View Full Version : robots.txt - can't stop slurp!


memobug
11-28-2005, 08:09 PM
I am running my vB forum in a subdomain. I added robots.txt to both my root and subdomain folder, but I can't seem to stop slurp (inktomi) from trying to access all the wrong pages.

in my subdomain (http://forum.mydomain.com/robots.txt) , I didn't know if I needed the preceding / so I have

User-agent: *
Disallow: /attachment.php
Disallow: /newattachment.php
Disallow: /avatar.php
Disallow: /editpost.php
Disallow: /login.php
Disallow: /member.php
Disallow: /member2.php
Disallow: /misc.php
Disallow: /moderator.php
Disallow: /newreply.php
Disallow: /newthread.php
etc.


Do I have the path wrong Should I take out the leading slash / ? The spider seems to be ignoring my disallows and its trying to edit posts, visit the print views and all the other banned stuff. The path to my forum is like http://forum.mydomain.com/index.php


in my root (http://www.mydomain.com/robots.txt) Just in case, I also I have
User-agent: *
Disallow: /forums/attachment.php
Disallow: /forums/newattachment.php
Disallow: /forums/avatar.php
Disallow: /forums/editpost.php
Disallow: /forums/login.php
Disallow: /forums/member.php
Disallow: /forums/member2.php
Disallow: /forums/misc.php
etc.

memobug
12-14-2005, 09:03 PM
I could sure use some help with this. My ISP is going to force me to change service contracts over this issue. I have like 80 spider users showing at any given time and 60 of them are *.inktomisearch.com

samsons
12-16-2005, 03:26 AM
Hi
i`m not shure if this helps, i only know german pages

here (http://www.searchengineworld.com/cgi-bin/robotcheck.cgi) you can check your robots.txt and some useful informations

and a very useful page about robots and what to do klick (http://www.robotstxt.org/wc/robots.html)

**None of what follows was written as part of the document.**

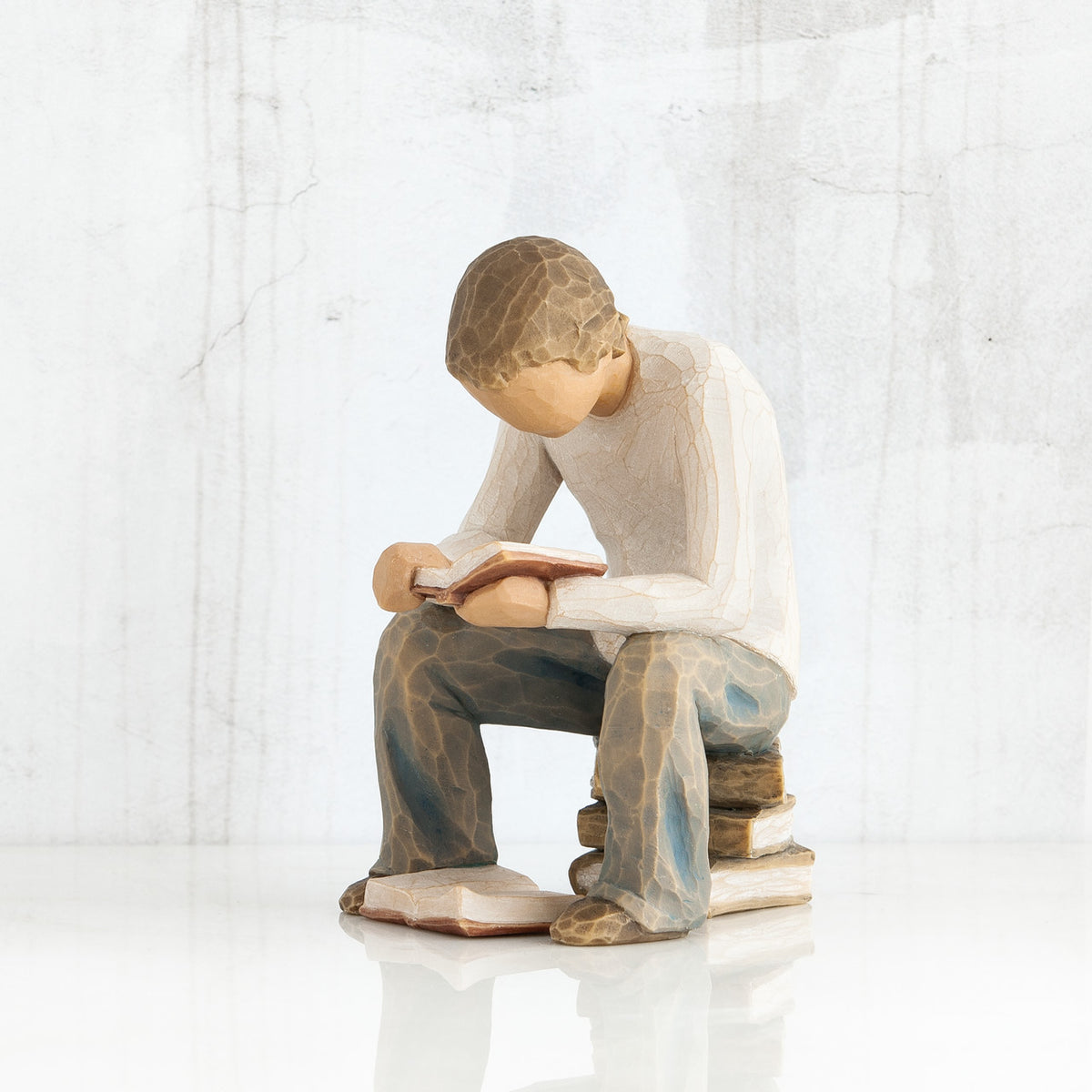Young faceless boy figurine sitting on books with book opened in his hands - another book on the floor of his feet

it`s not a lot, but maybe it helps

MRGTB
12-16-2005, 09:28 PM
If I'm right it can take a month before your robots.txt file will have effect in stopping them (read that somewhere).

I think the best option is to use a .htaccess file to deny them access to the server

Paul M
12-16-2005, 10:03 PM
I could sure use some help with this. My ISP is going to force me to change service contracts over this issue. I have like 80 spider users showing at any given time and 60 of them are *.inktomisearch.comHuh ? You ISP is complaining that search engines are spidering you ??? Are they completely dumb ? It's a normal part of the web, we rarely have < 150 at any one time. I think you need to look for a new ISP.

MRGTB
12-16-2005, 11:08 PM
Huh ? You ISP is complaining that search engines are spidering you ??? Are they completely dumb ? It's a normal part of the web, we rarely have < 150 at any one time. I think you need to look for a new ISP.

Are you on a dedicated server though?

Zia
12-17-2005, 05:13 AM
can any one help me....to generate a nice robots.txt , that stop known bad robots & image.

we are getting Google,Yahoo!Slurp,MsnBot --mostly..

but i really dont know a lot abt robots...which is bad or which is good....

can any one help me ?/